*** Given records Section Begins ***

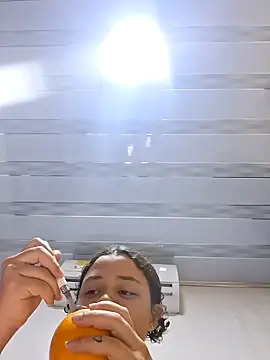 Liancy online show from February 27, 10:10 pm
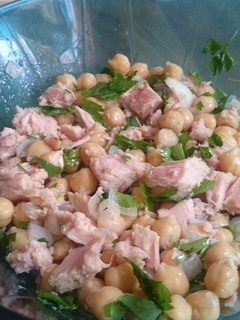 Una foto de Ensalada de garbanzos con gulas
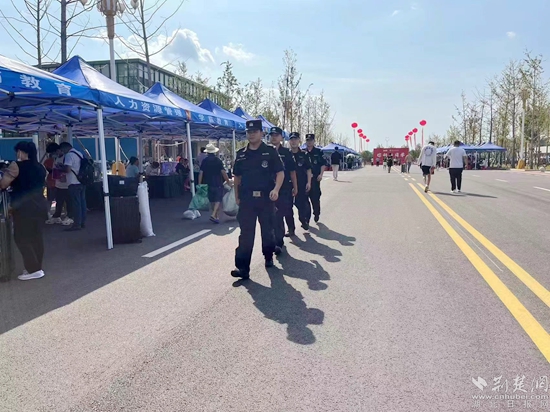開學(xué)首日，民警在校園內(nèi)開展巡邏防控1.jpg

*** Given records Section Ends ***
*** Given records Section Begins ***

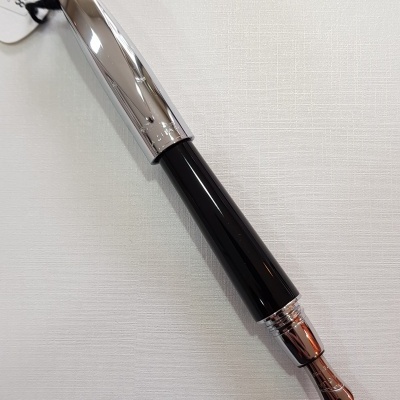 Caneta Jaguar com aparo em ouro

*** Given records Section Ends ***

- **What to produce**
In the data above, start at the line holding "Una foto de Ensalada de garbanzos con gulas" and stop after the line holding "開學(xué)首日，民警在校園內(nèi)開展巡邏防控1.jpg"; write out those lines exactly, without pictures.

- **Your solution**
 Una foto de Ensalada de garbanzos con gulas
開學(xué)首日，民警在校園內(nèi)開展巡邏防控1.jpg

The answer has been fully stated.